REQUIRED ACTION: Stop at the line containing "Surah 24 : An": repeat exactly every line of the entries below from the first up to it, plus that line, with pictures omitted.

━━━━━ SOURCE DATA

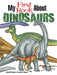 My First Book About - Dinosaurs    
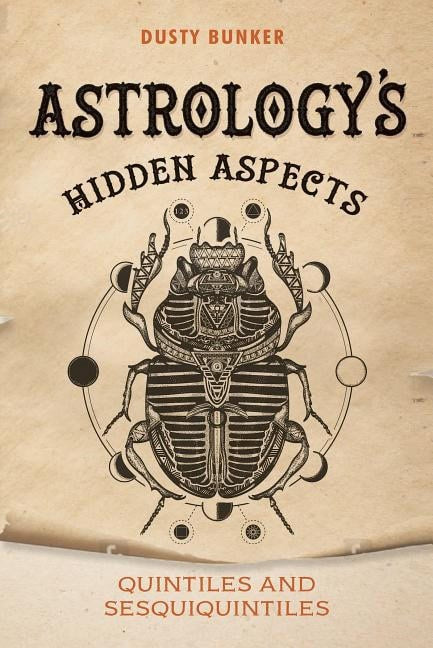 Dusty Bunker : Astrology's Hidden Aspects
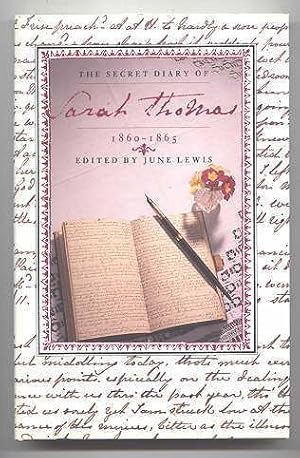 THE SECRET DIARY OF SARAH THOMAS, 1860-1865.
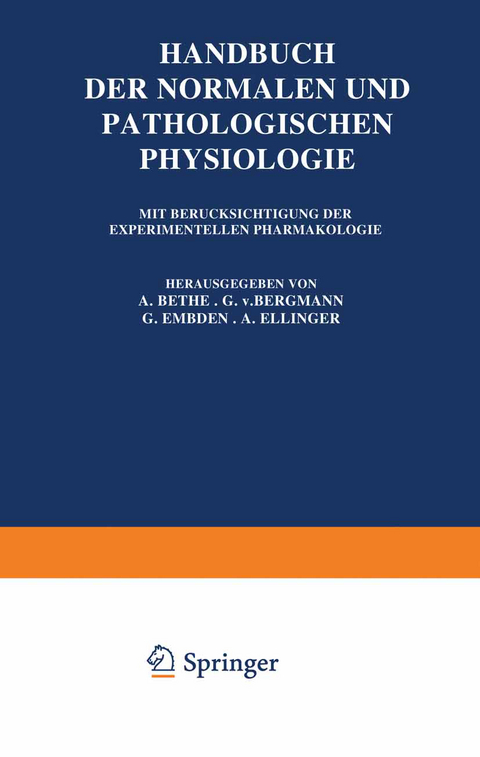 Handbuch der Normalen und Pathologischen Physiologie - A. Bethe, G.v. Bergmann, G. Embden, A. Ellinger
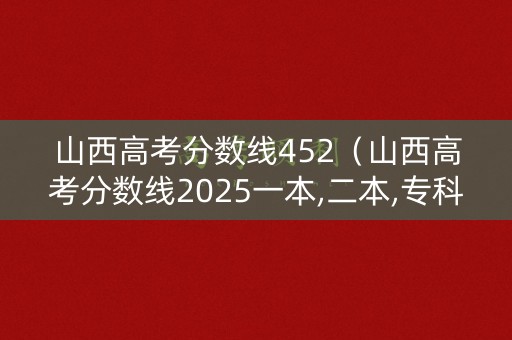 山西高考分数线452（山西高考分数线2025一本,二本,专科分数线）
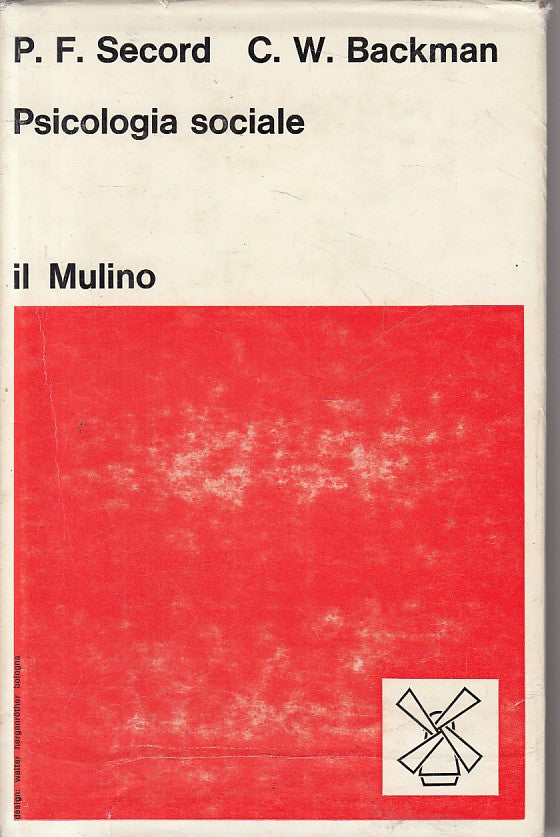 LS- PSICOLOGIA SOCIALE - SECORD BACKMAN - MULINO - SCIENZE -- 1971 - CS - YFS597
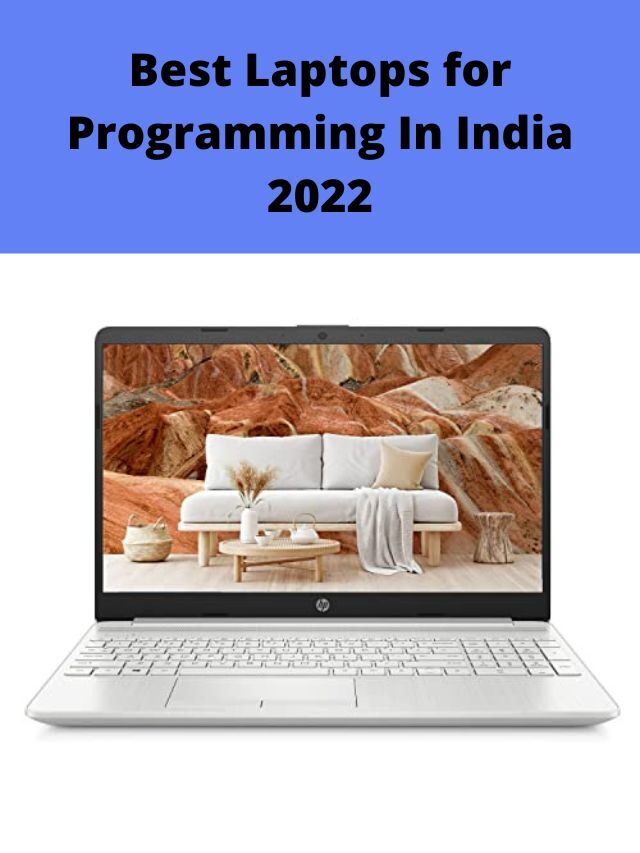 Best Laptops for Programming In India 2022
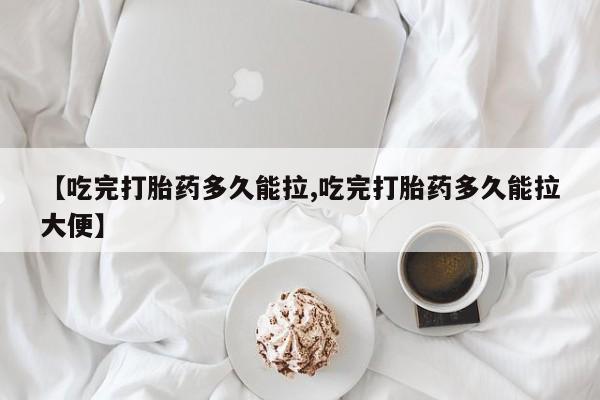 网上哪里可以买米非和米索，【吃完打胎药多久能拉,吃完打胎药多久能拉大便】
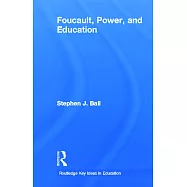 Foucault, Power, and Education
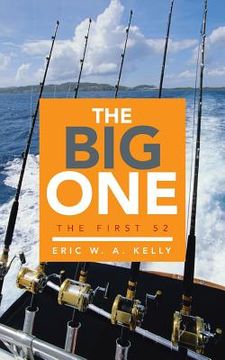 portada The Big One: The First 52 (in English)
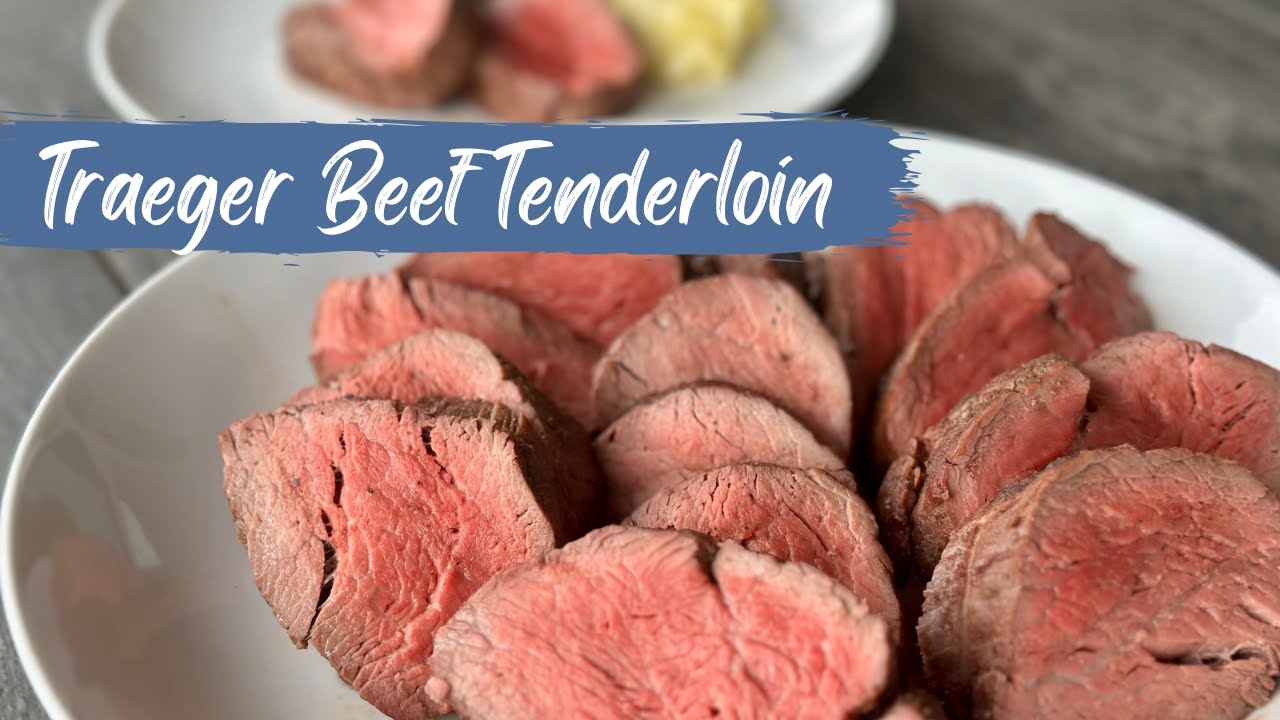Traeger Beef Tenderloin the Easiest Way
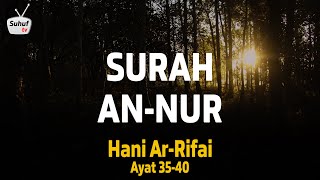 Surah 24 : An Nur ( سورة النّور ) ● Terjemahan ● Syeikh Hani Ar-Rifai ● ayat 35-40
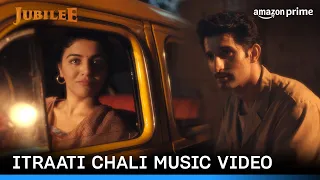 Itraati Chali | Jubilee | Music Video | Mohammed Irfan, Vaishali Made, Amit Trivedi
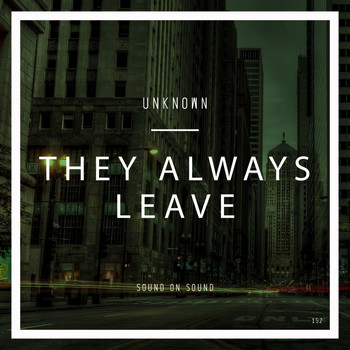 unknown - They Always Leave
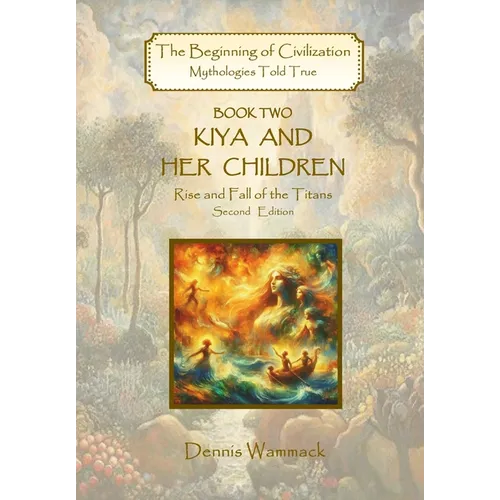 Kiya and Her Children: Rise and Fall of the Titans - Hardcover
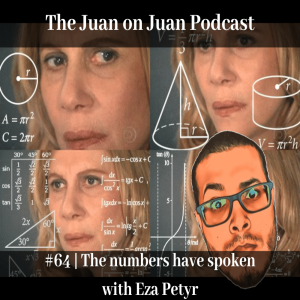 #64 | The numbers have spoken with Eza Petyr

━━━━━━━━━━

ANSWER AREA:
 My First Book About - Dinosaurs    
 Dusty Bunker : Astrology's Hidden Aspects
 THE SECRET DIARY OF SARAH THOMAS, 1860-1865.
 Handbuch der Normalen und Pathologischen Physiologie - A. Bethe, G.v. Bergmann, G. Embden, A. Ellinger
 山西高考分数线452（山西高考分数线2025一本,二本,专科分数线）
 LS- PSICOLOGIA SOCIALE - SECORD BACKMAN - MULINO - SCIENZE -- 1971 - CS - YFS597
 Best Laptops for Programming In India 2022
 网上哪里可以买米非和米索，【吃完打胎药多久能拉,吃完打胎药多久能拉大便】
 Foucault, Power, and Education
 portada The Big One: The First 52 (in English)
Traeger Beef Tenderloin the Easiest Way
 Surah 24 : An Nur ( سورة النّور ) ● Terjemahan ● Syeikh Hani Ar-Rifai ● ayat 35-40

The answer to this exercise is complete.